A tristeza na criação, ou o cuidado de si


Cuidar-se cuidando é não só um paradoxo como um perigo.


Já aqui escrevi acerca da magia da criação. Agora escrevo sobre a tristeza na criação. Ou, melhor, na vida dos criadores, que não conseguem para si a magia que constroem nas suas obras (nem poderiam, claro, que a vida só imita a arte em slogans para papalvos) e acabam, quiçá, por não suportar isso nem conseguir com a obra (seja mais triste ou menos, mais mágica ou não) sublimar as mínguas e a sensação de vida vivida como uma soma de desilusões e faltas. O que dói tanto mais quanto maior for a fome de magia, de além, de superação. E escrevo-o agora não sei bem porquê, embora sempre exista, entre o id e o ego, alguma coisa, uma razão; e em cada dia da nossa vida, com maior ou menor consciência, oscilamos entre as ilusões perdidas do título de Balzac e aquele vital – e muito metafórico, e quimérico, claro – desejo de Dostoievski de ver a Europa enquanto ainda possuía força, paixão e poesia. Aliás, o escritor acabou por fazê-lo, mais de dois meses fora da Rússia. Mas sabemos se lhe serviu de muito, afinal? Fugazmente, talvez. Que podemos nós saber, em boas contas, para além das operações aritméticas simples de subtrair desapontamentos às ilusões e de somar, com empenho, vários momentos de satisfação? Sabemos muito pouco. Contudo, saber isso e, também, compreender aquela aritmética é já saber muito, ou talvez tudo, pelo menos para evitar acabar como os exemplos que se seguem.
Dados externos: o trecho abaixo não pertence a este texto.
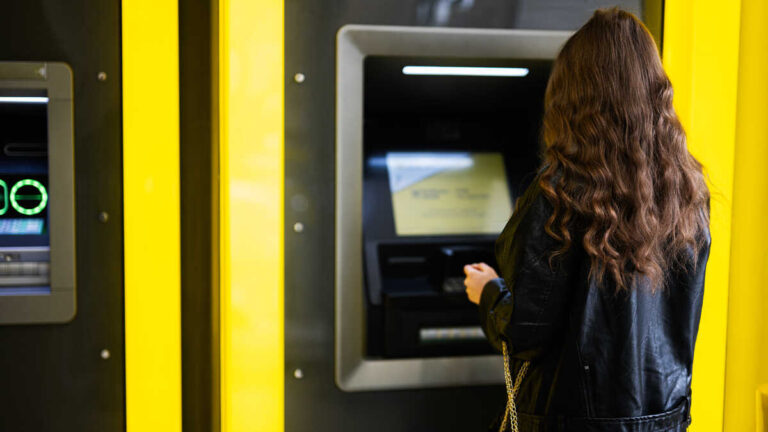 Finansministeriet klargör att tobakshandlare kan installera uttagsautomater utanför lokalen, men inte tobaksmaskiner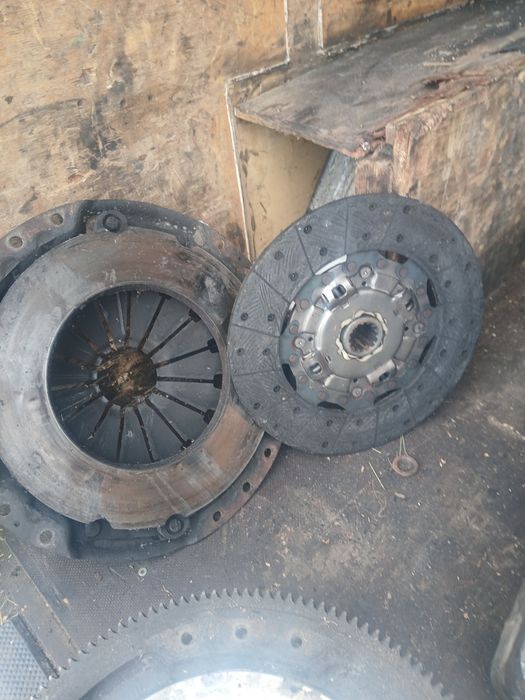 Маховик щеплення ісузу nqr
Emilio Salgari criou para os outros sonhos belíssimos, mas para si próprio pouco ou nada, e acabou esventrando-se num bosque de Turim. Virginia Woolf escreveu algumas das melhores páginas da literatura mas, cheia de pedras nos bolsos, acabou imergindo no rio, incapaz de suportar sabe-se lá o quê. Hemingway deu-nos pessoas bravas e lutadoras, mas com uma arma de caça estoirou a cabeça. Et cetera. Devemos-lhes tanto, a estes e a outros, deram-nos muito. Mas a si mesmos, o que conseguiram dar, e o que lhes deram os outros, ou o que conseguiram eles tirar dos outros? Não o suficiente, pelos vistos.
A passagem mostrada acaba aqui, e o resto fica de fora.